Poulenc

Born: 1899

Died: 1963

Francis Poulenc

One of his friends described Francis Poulenc as 'half monk, half guttersnipe', which goes halfway to describing his music.

More on Poulenc...

Neglected Composers: Francis Poulenc, by WA Chislett (Gramophone, November 1928)

One of Poulenc’s friends described him as ‘moitié moine, moitié voyou’ (‘half monk, half guttersnipe’), which suits his physical appearance perfectly and goes halfway to describing his music. His face resembled that of the great French clown Fernandel and, especially in his early work, Poulenc does seem to revel in the role of the clown of French music. This was balanced by the Catholic faith he was born into, lost and then rediscovered in 1935. 

His father was a wealthy pharmaceutist; his mother was the music lover and gave Francis his first piano lessons. In 1916, when he was 17, he continued these with one of the most respected pianists of the day, the Spaniard Ricardo Viñes, who gave the premieres of many of Ravel’s and Debussy’s piano music. Years later, Poulenc admitted ‘I owe him everything...it’s really to Viñes that I owe my first flights in music and everything I know about the piano’. The same year he was introduced to the father-figure of the young, irreverent group of French composers of the day, Eric Satie. Shortly afterwards, Poulenc had his first composition published, Rapsodie nègre.
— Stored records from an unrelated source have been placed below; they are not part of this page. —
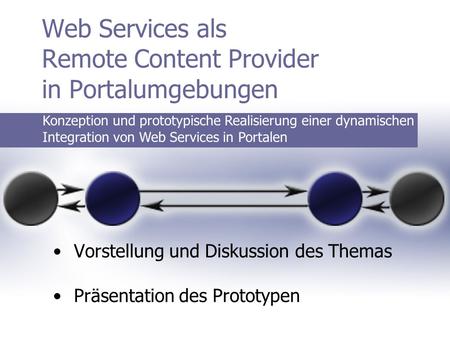 Web Services als Remote Content Provider in Portalumgebungen Vorstellung und Diskussion des Themas Präsentation des Prototypen Konzeption und prototypische.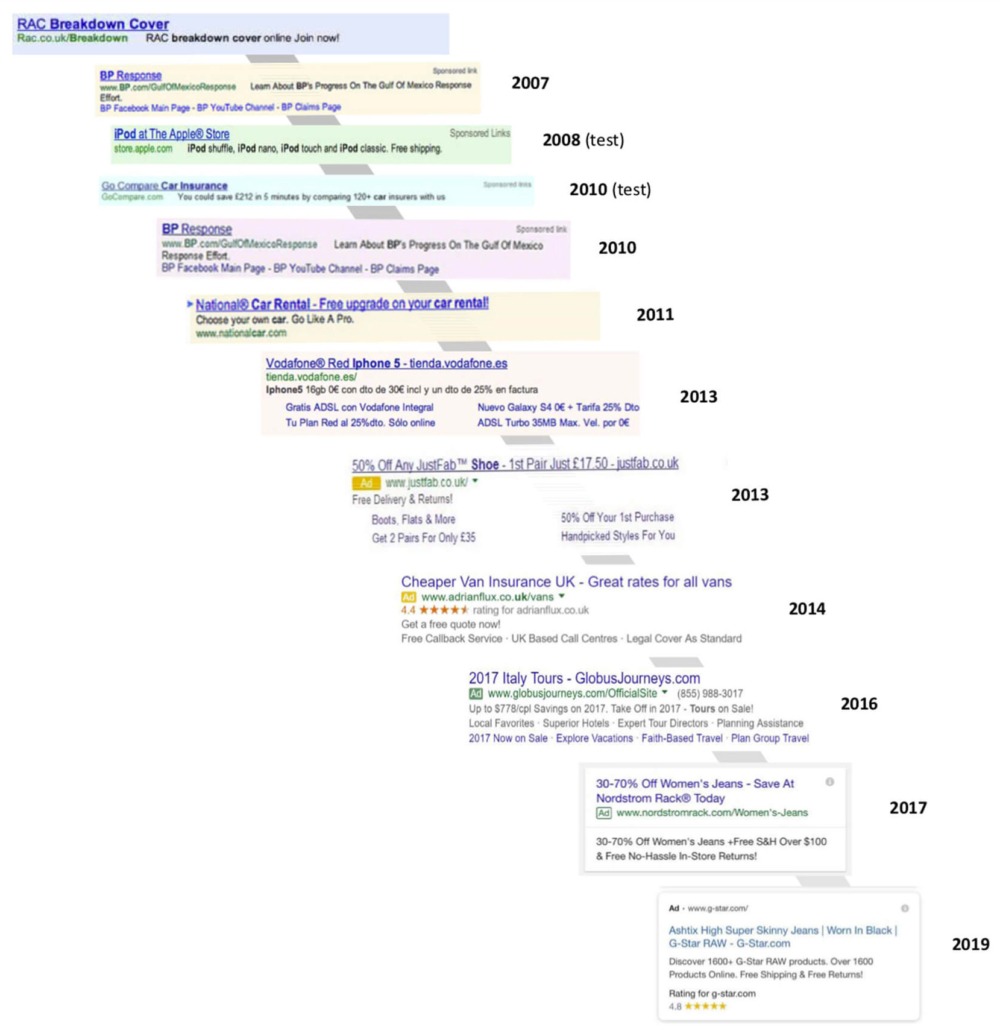 storia delle etichette google ads e ricerca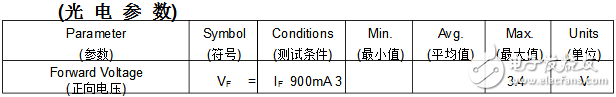 幾款常用cob光源規(guī)格與參數(shù)
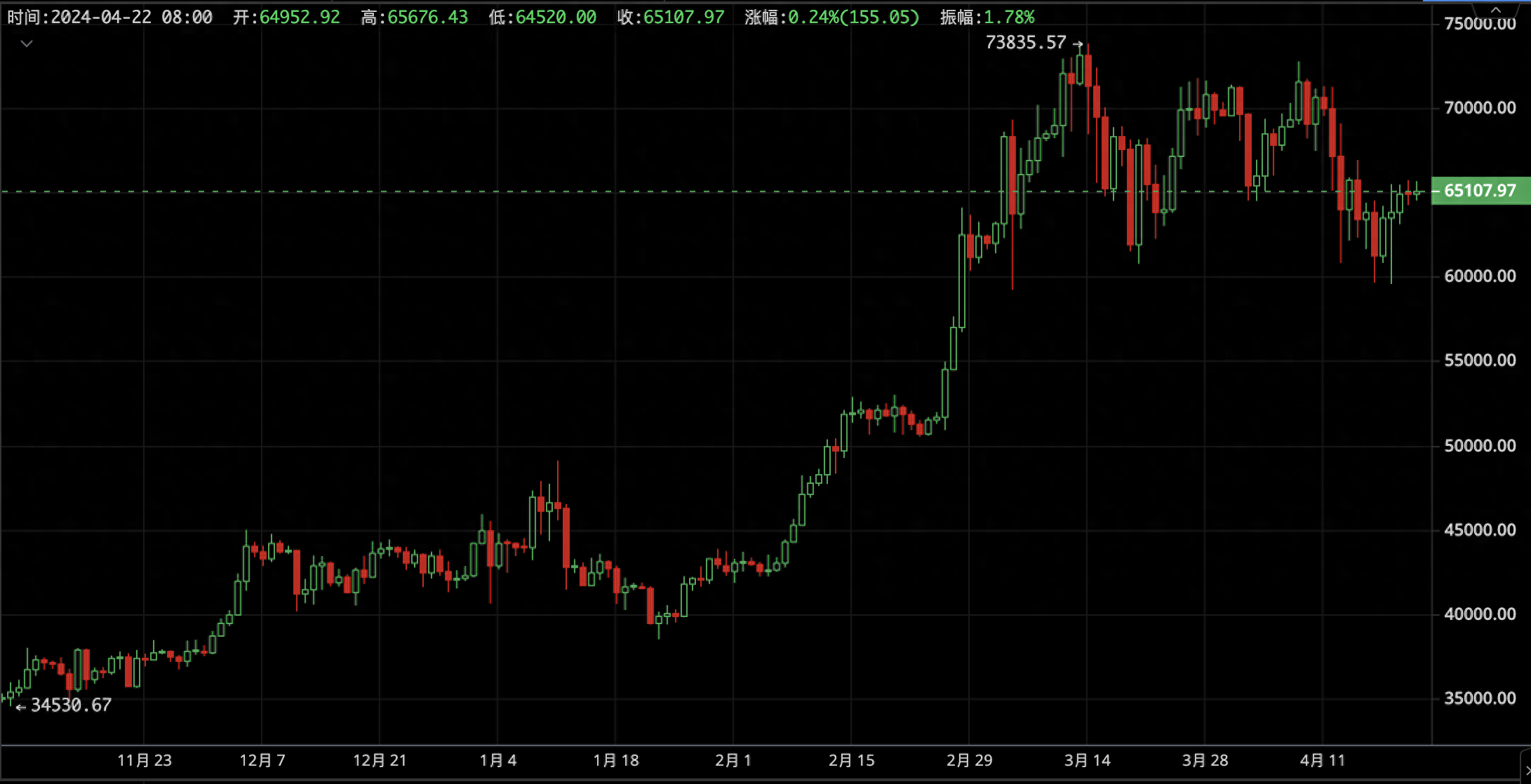 比特币（BTC）每周观察： 第四次减半，BTC迎来0.8%超低通胀时代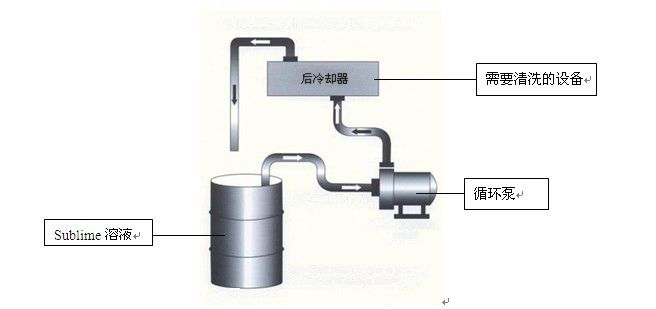复盛Elliott离心式空压机冷却器维修 复盛Elliott离心式空压机冷却器维修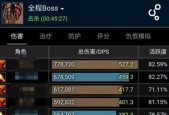 魔兽世界80DPS排行榜中哪些职业输出高（探究魔兽世界80DPS排行榜中输出高的职业及其特点）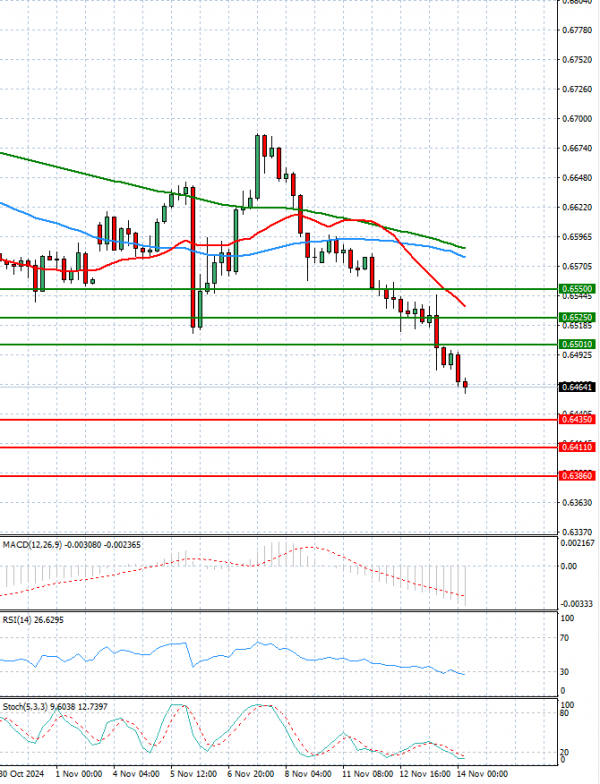 Australian Dollar - Dollar Analysis Technical analysis 14/11/2024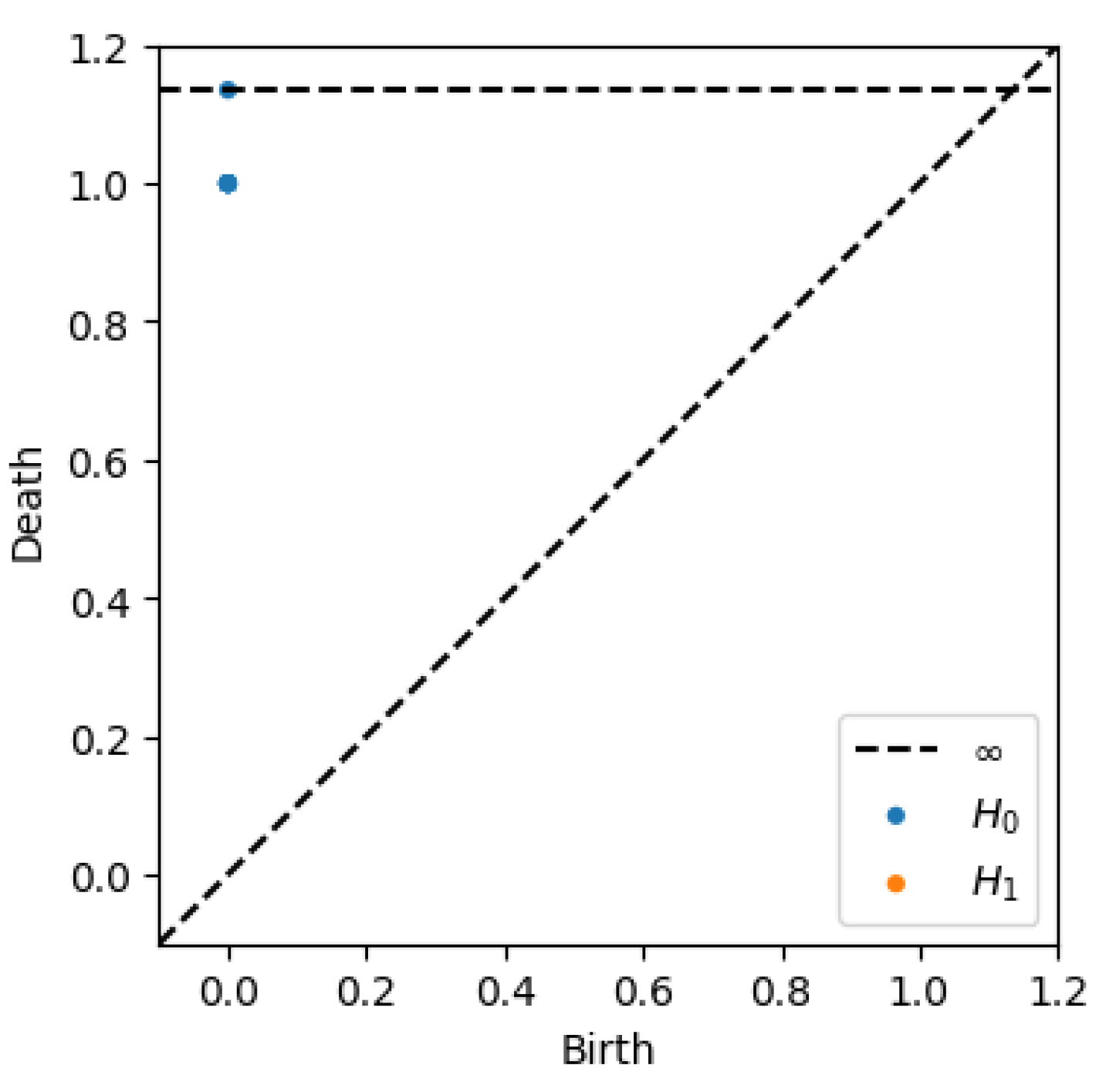 Preprints 148910 g006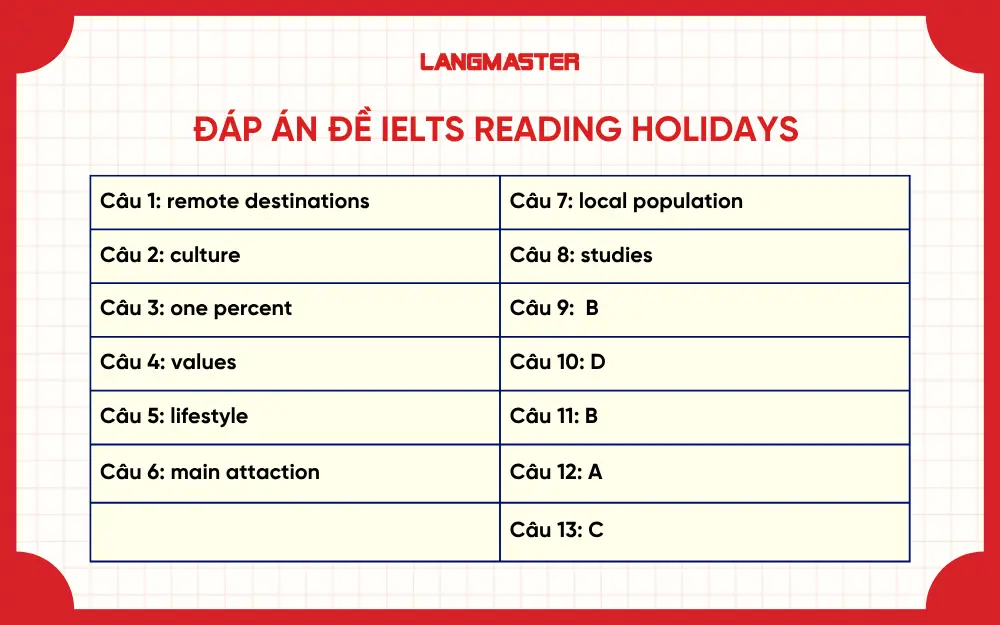 Đáp án đề IELTS Reading Holidays with a difference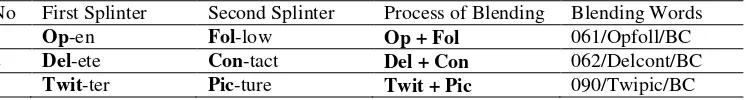 Tabel 14. Blends Formation 5 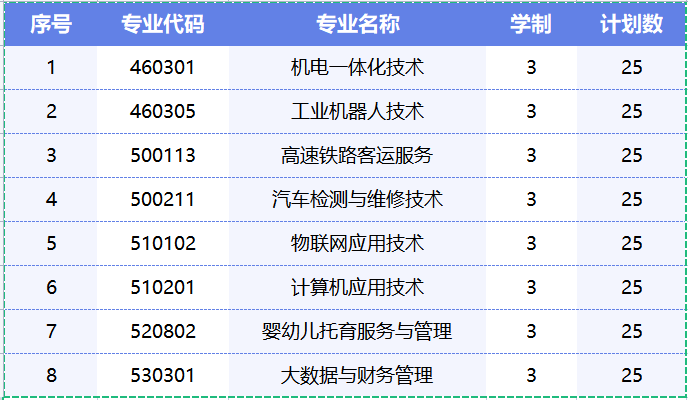2025年宿迁泽达职业技术学院提前招生章程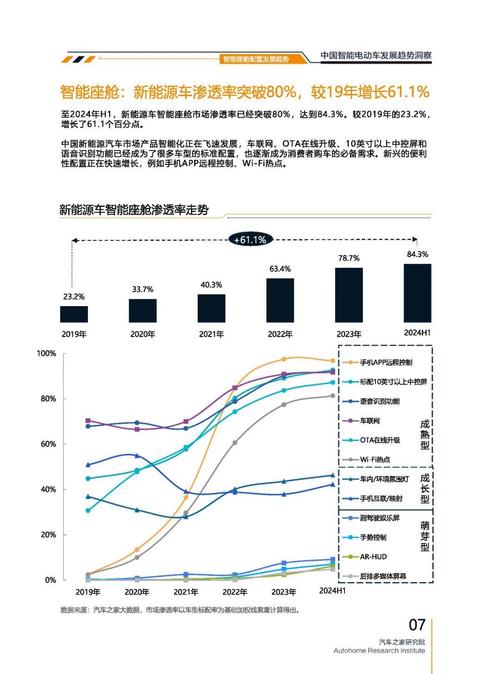 惠州322起亚对未来市场的预测，名爵汽车品牌文化的传播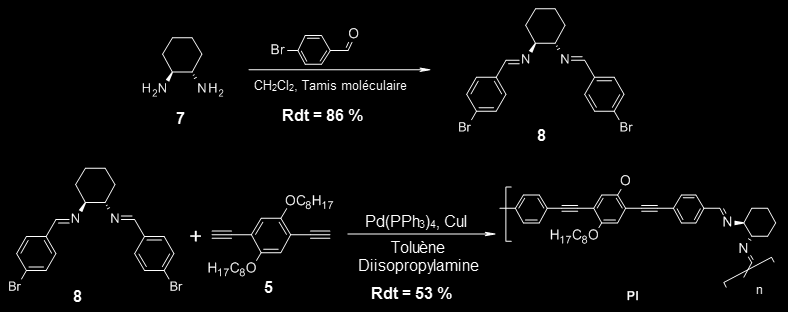 Figure 3-4 : Synthèse de la Polyimine (PI) Ainsi, la polyimine peut être obtenue à partir de l hydroquinone (1) en 6 étapes avec un rendement global de 20 %.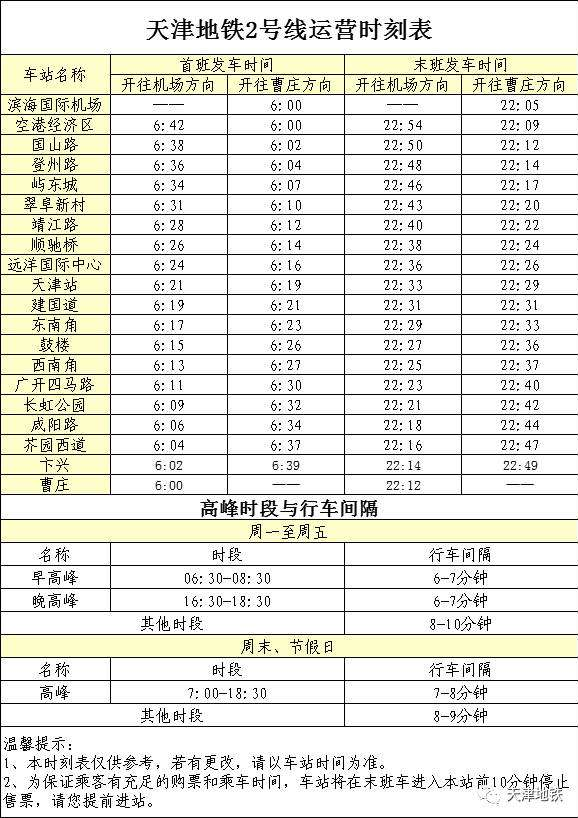 天津机场早上几点有地铁开始运营-第1张-交通-答答问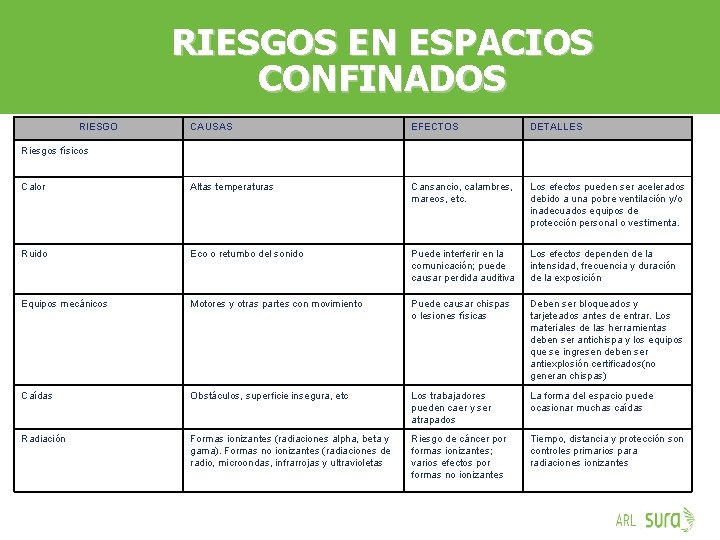 RIESGOS EN ESPACIOS CONFINADOS RIESGO CAUSAS EFECTOS DETALLES Calor Altas temperaturas Cansancio, calambres, mareos,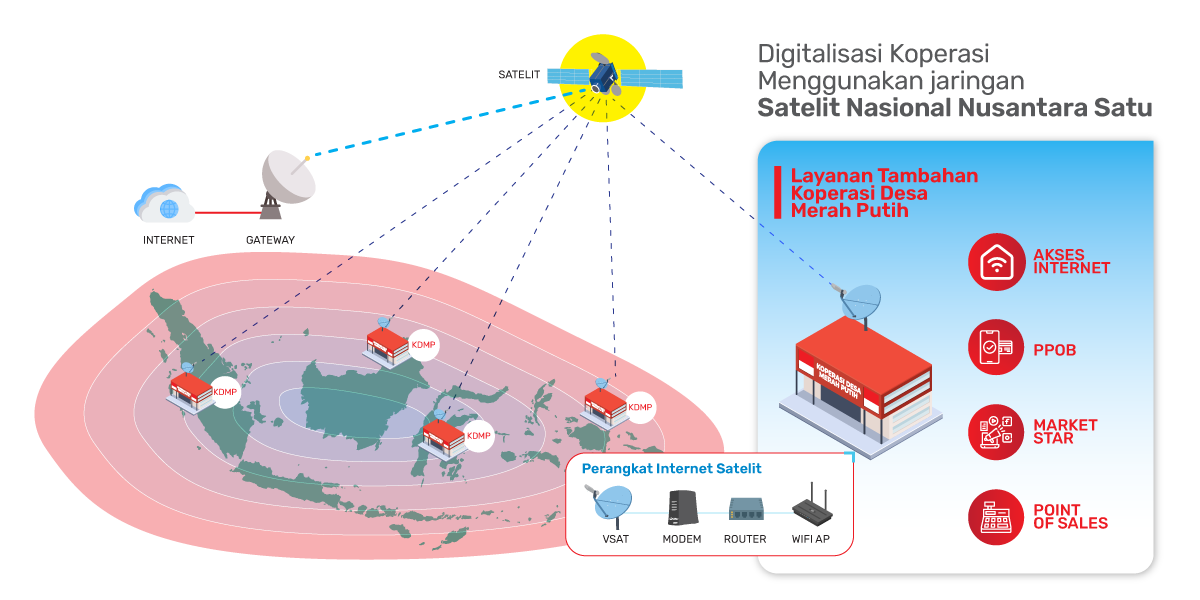 digitalisasi koperasi merah putih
Overnight he was at the centre of the avant-garde circle in Paris and befriended the group of composers who came to be known as ‘Les Six’ - Auric, Durey, Honegger, Milhaud and Tailleferre.

After service in the French army (1918-21) – he composed his popular Trois mouvements perpétuels while on the Vosges front – he decided to take his musical education a little more seriously, but not too seriously: one of the charms of Poulenc’s music is that it is untainted by preconceived ideas and an academic conservatoire outlook. 

He embraced the gay social life of 1920s Paris, producing a string of expertly crafted, witty, tuneful scores, ‘sometimes verging on triviality but never falling into vulgarity’ (as the critic Roland-Manuel neatly put it). Ballet commissions from Diaghilev, piano pieces of charm and elegance and, especially, songs flowed from his pen. In this latter field, he found his ideal interpreter in the gifted baritone Pierre Bernac. The two men became lifelong companions and provided inspiration for each other.

In 1935 Poulenc’s religious faith, which had diminished after his father’s death, was revived after a visit to the shrine of Notre Dame de Rocamadour. From here on, while never abandoning his role as the worldly, chic jester, a religious vein recurs through the remainder of his music. His final works were two sonatas: the Oboe Sonata written in memory of Prokofiev and the Clarinet Sonata written in memory of Honegger. He himself died suddenly in Paris.